As a kid, I ate things that, upon reflection, were probably better off uneaten. Not mud or hair or other inedible things that whisper "Let me in" to the unbalanced. Proper food, just...not the way one is meant to eat them. Pats of butter, for instance. Christ, I loved butter. Not on rice or noodles or toast (though that happened as well when Mom prepared meals). No. The best butter (salted, of course) was pilfered little slabs, sheered from the end of quarter-pound blocks while nobody was looking and the refrigerator door stood open. And the best place to eat them? Behind the couch in a sunbeam, hidden from view like some feral little beast with a fresh kill.
The last time I snarfed a tablespoon of butter behind the couch, Elvis still performed for sell-out crowds. While my tastes have evolved, my relationship with food remains just as intense; every once in a while, old memories and primal cravings rise to the surface of my thoughts with sudden, compelling urgency.

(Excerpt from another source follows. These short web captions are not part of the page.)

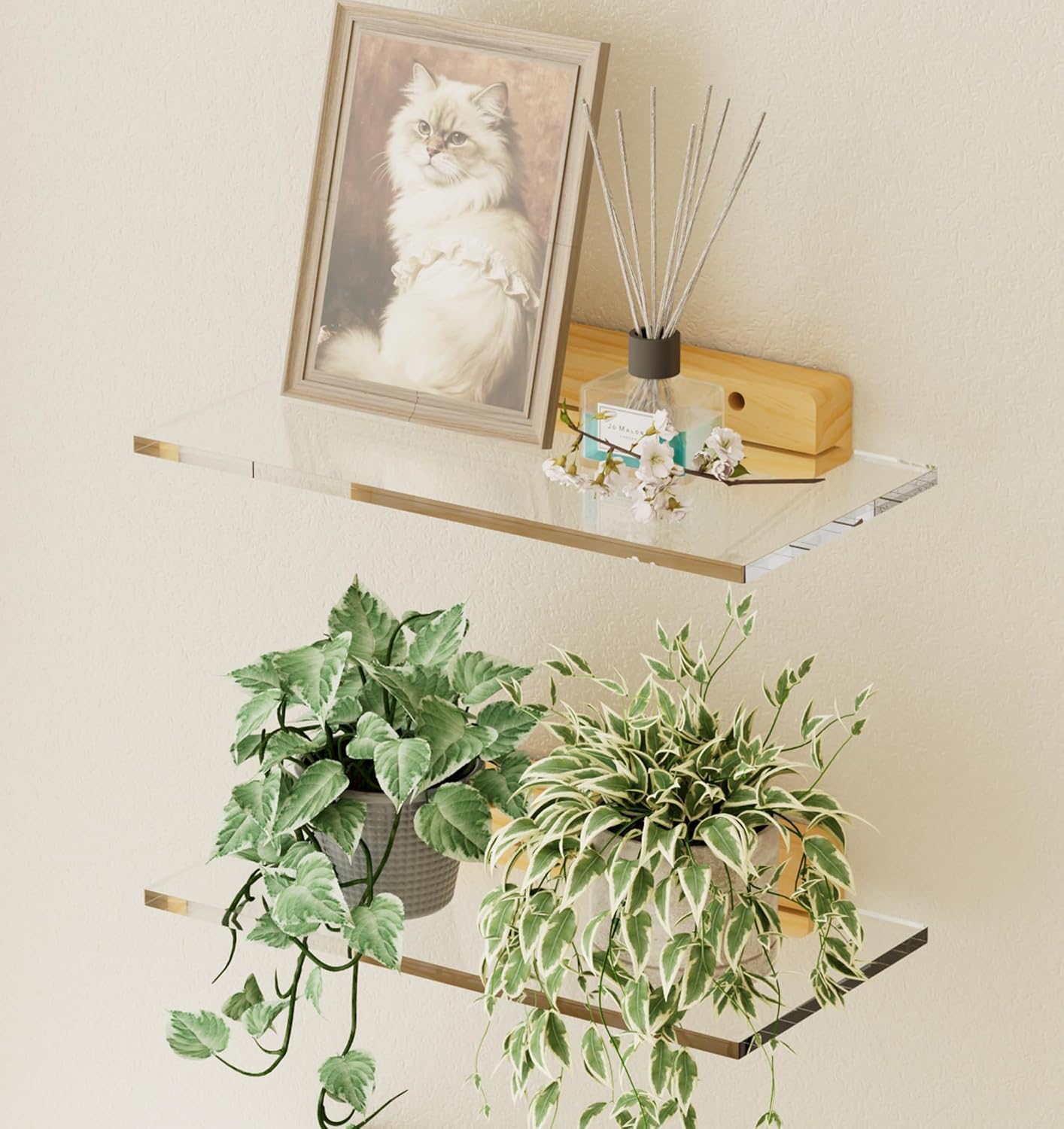 Estantes flotantes acrílicos base madera para plantas
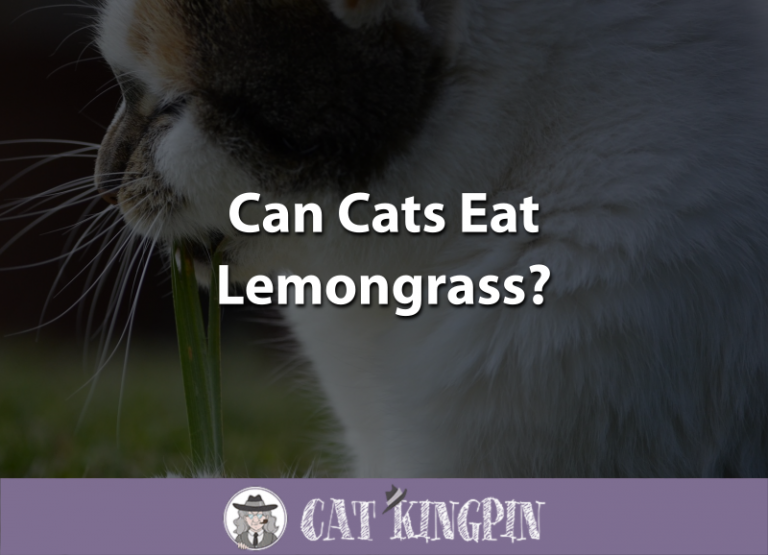 Can Cats Eat Lemongrass?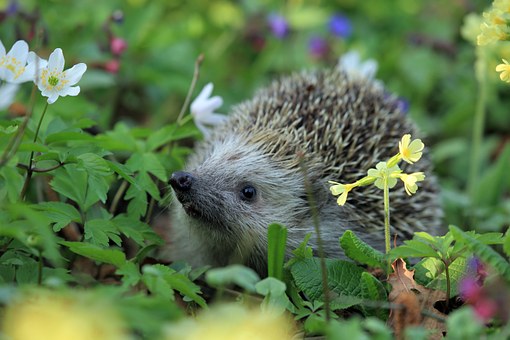 hedgehog-548335__340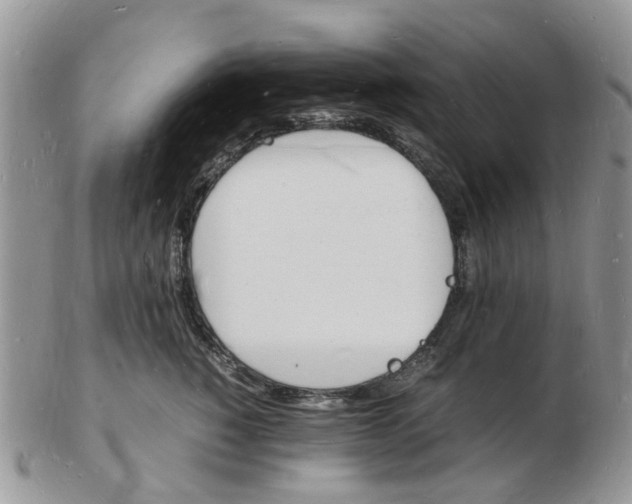 X0000102780760200809021052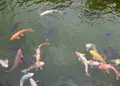 日本庭園 万博公園の写真_28280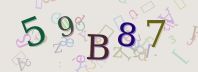 Visual Confirmation Security Code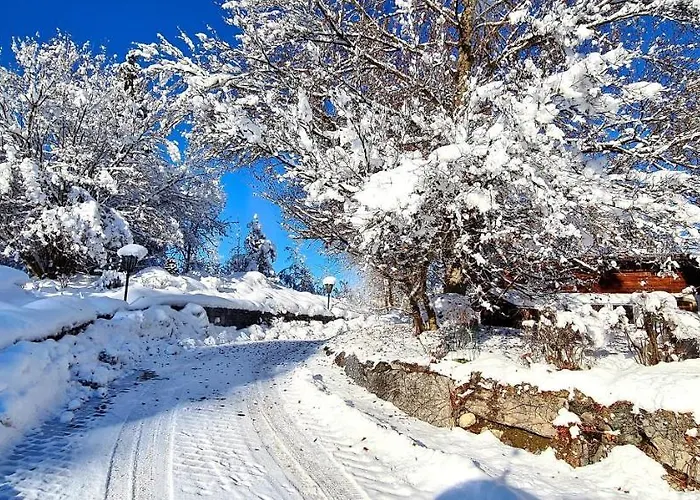 Alpenblick Ferienhaus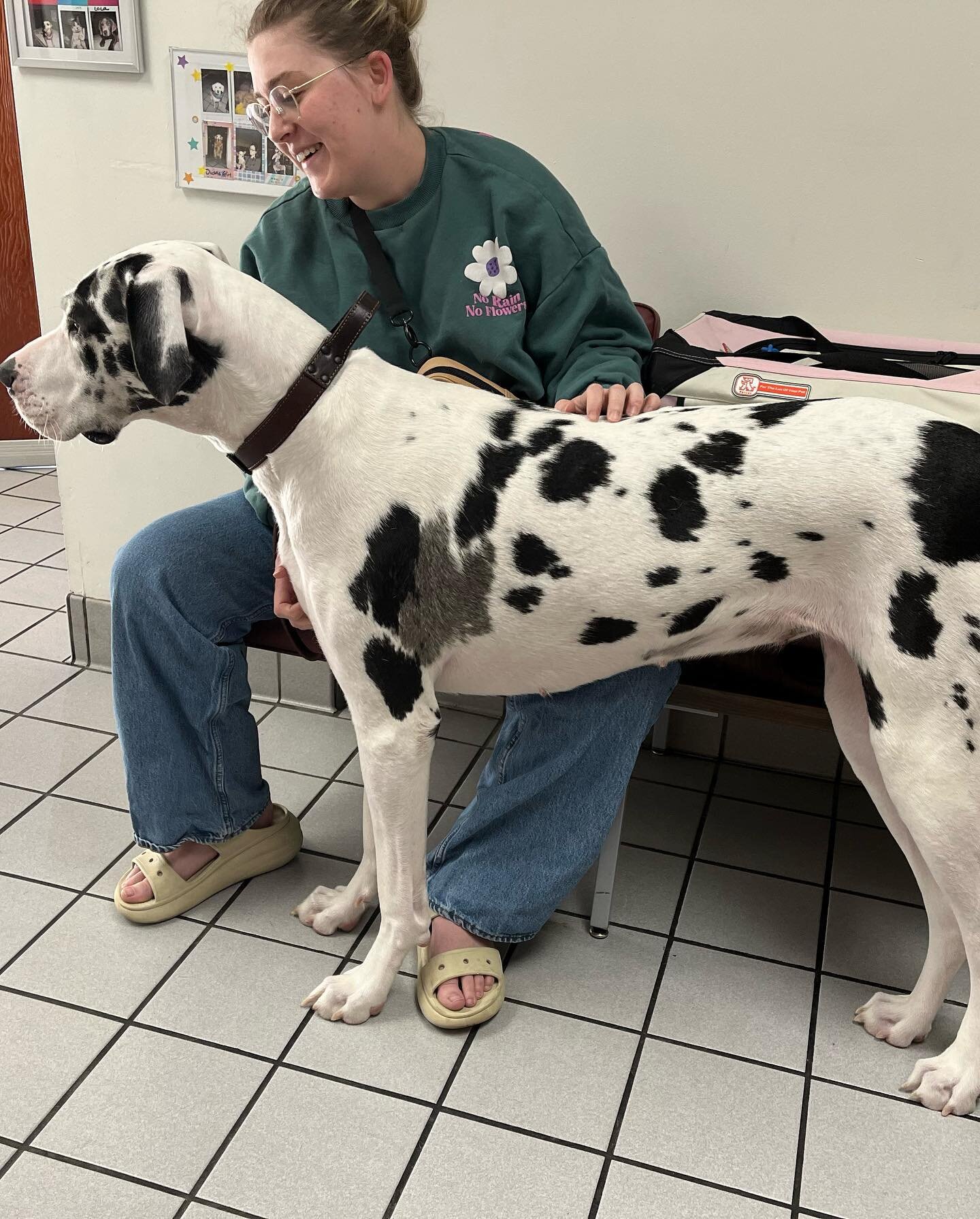 Beautiful Mercy came in a few days ago for a check up! Swipe to see her adorable face.. she was a little nervous🐶🤍🫶🏻 @geezjess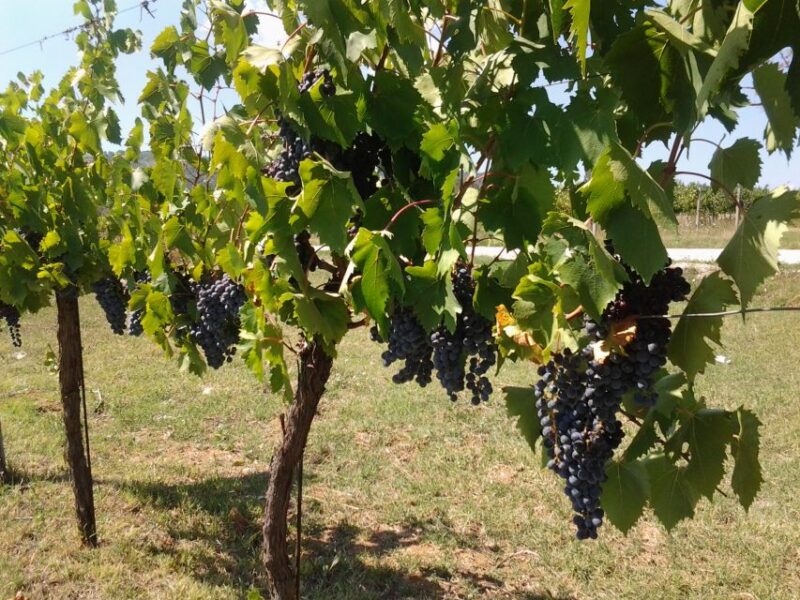 Wine Tour Spello in Tuk Tuk - Wine and Olive Oil Tasting
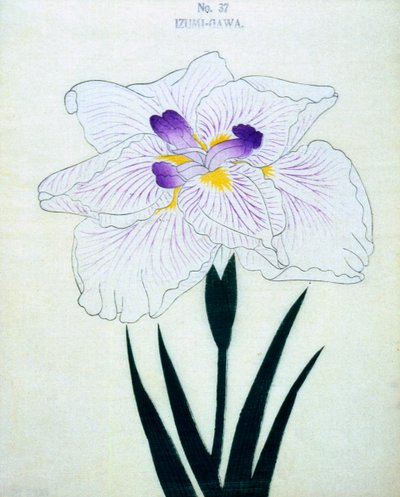 På Izumi-siden. 37, 1898 af Japanese School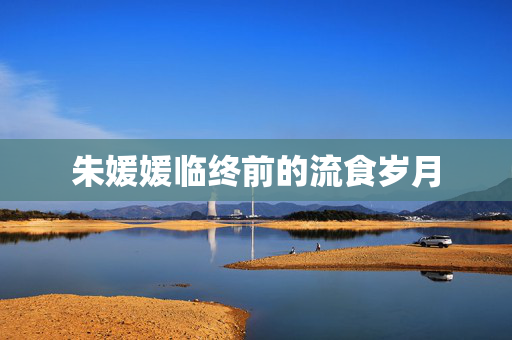 朱媛媛临终前的流食岁月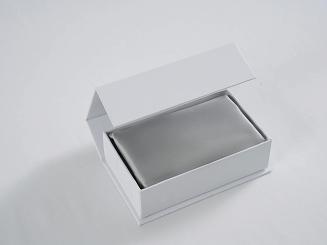 Jedwabna Poszewka 50x70 Szara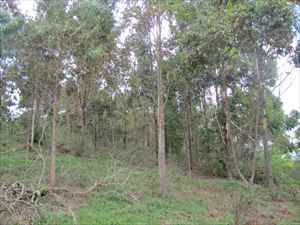 Sítio-Lote-Terreno-Área- ItambédoMatoDentro 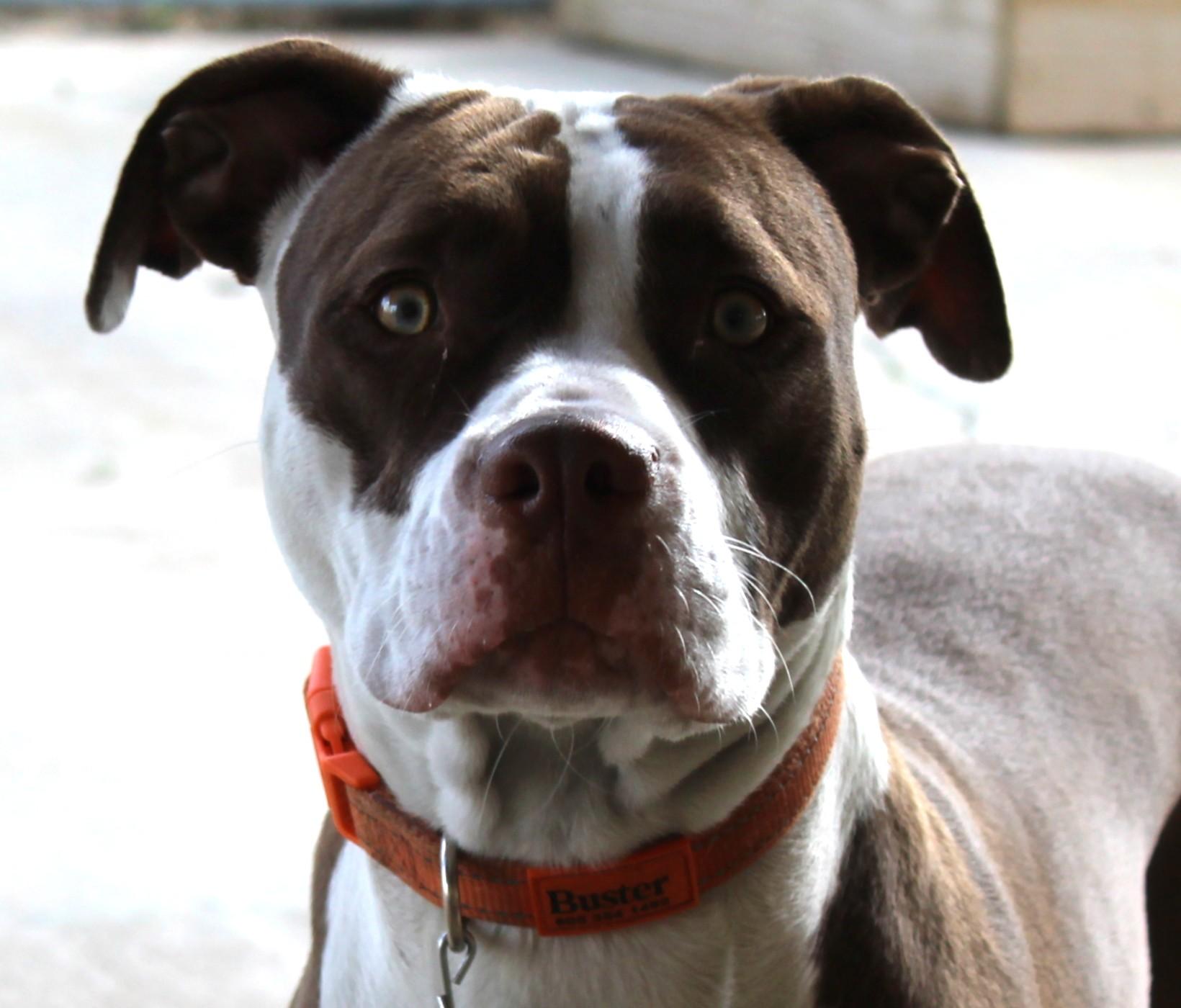 Enlarge Zara, a Adoptable Pit Bull Terrier in Huron, SD image 4/4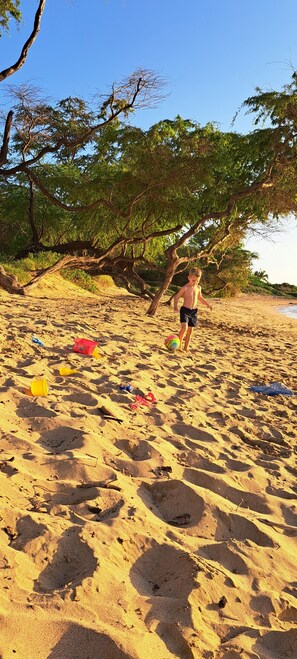 On the beach, sun loungers, beach towels
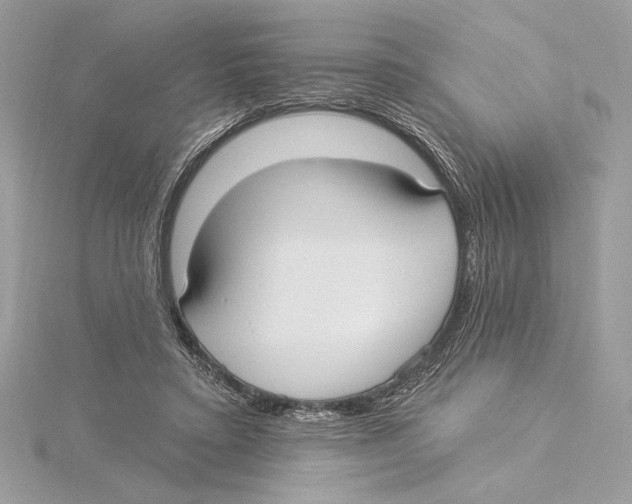 X0000115360403200912011117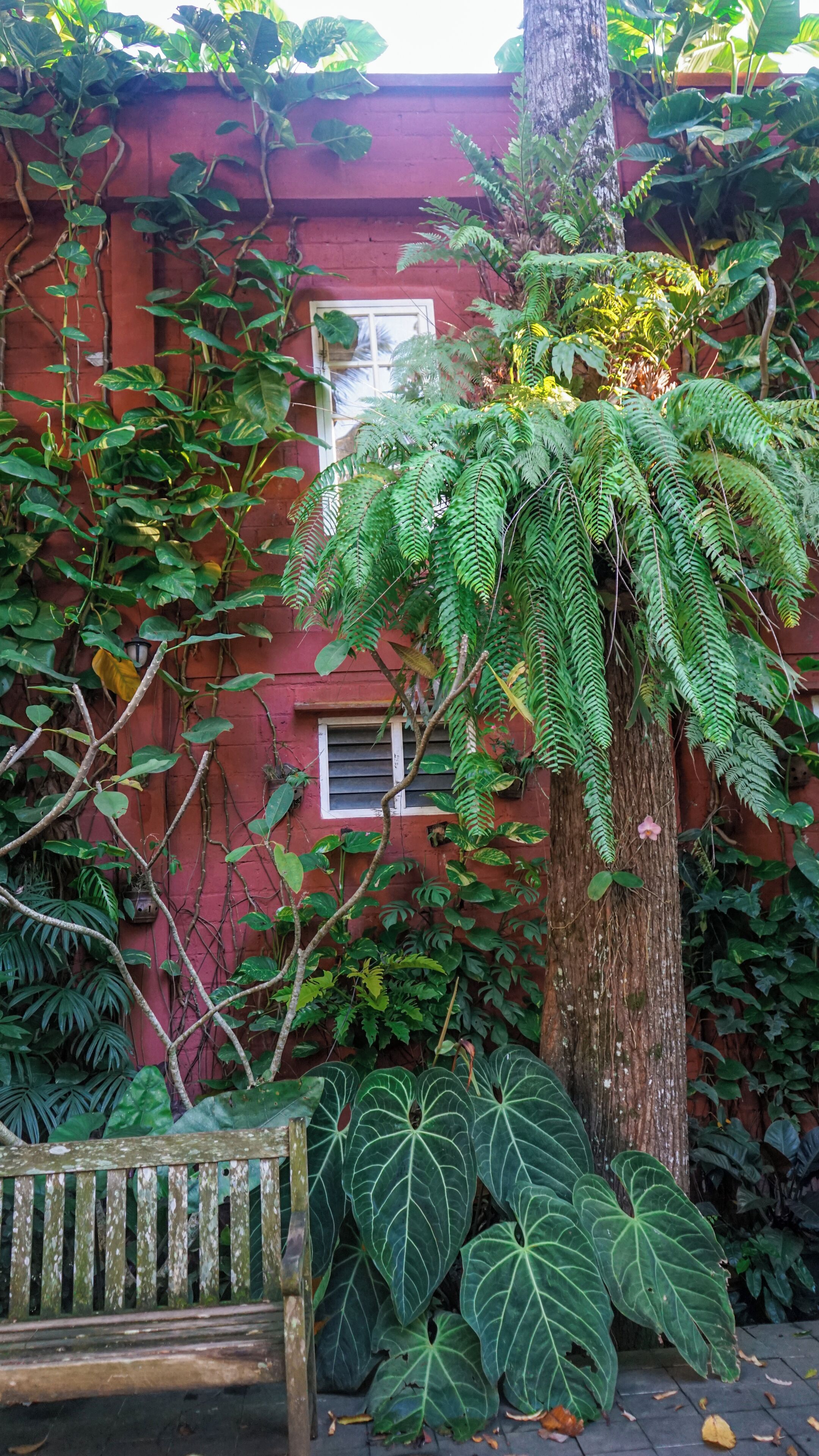 A red building with a large tree in front, surrounded by various green plants and a wooden bench.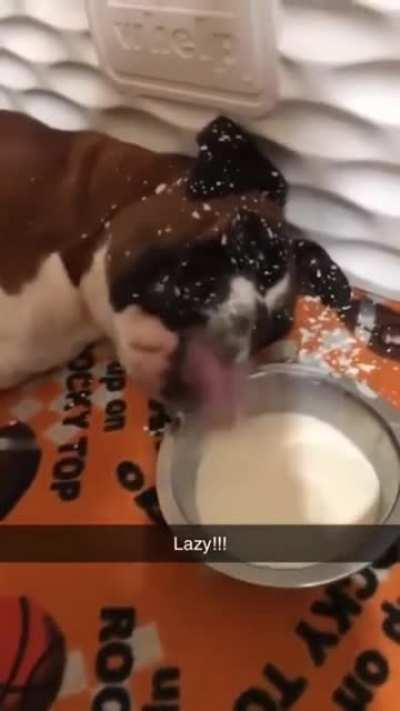 He is the master of laziness 🤗😛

And so I found myself recently assembling an old kit I hadn't thought about in decades: a box a graham crackers, a half-gallon of milk, a pint glass, and a spoon. Another ritual from childhood. As precise and predictable as any junkie's kit, this has no name. There is no recipe. It's merely a thing I do. It could not be more simple: jam as many graham crackers into a glass as will fit. Then break more and stuff them into the gaps along the side. Fill just to the top of the crackers with milk. Wait a beat. Dig in. The balance of crunch and mush slides along a tipping scale until, at the end, it's a mess. A slurpy, sloppy, chuggable mess.
I may be a grown-ass man with work to do and bills to pay, but now and again, knuckling under to childhood food cravings allows me to put aside thoughts of that work and those bills.
Repeat, as the shampoo bottles advise, if necessary.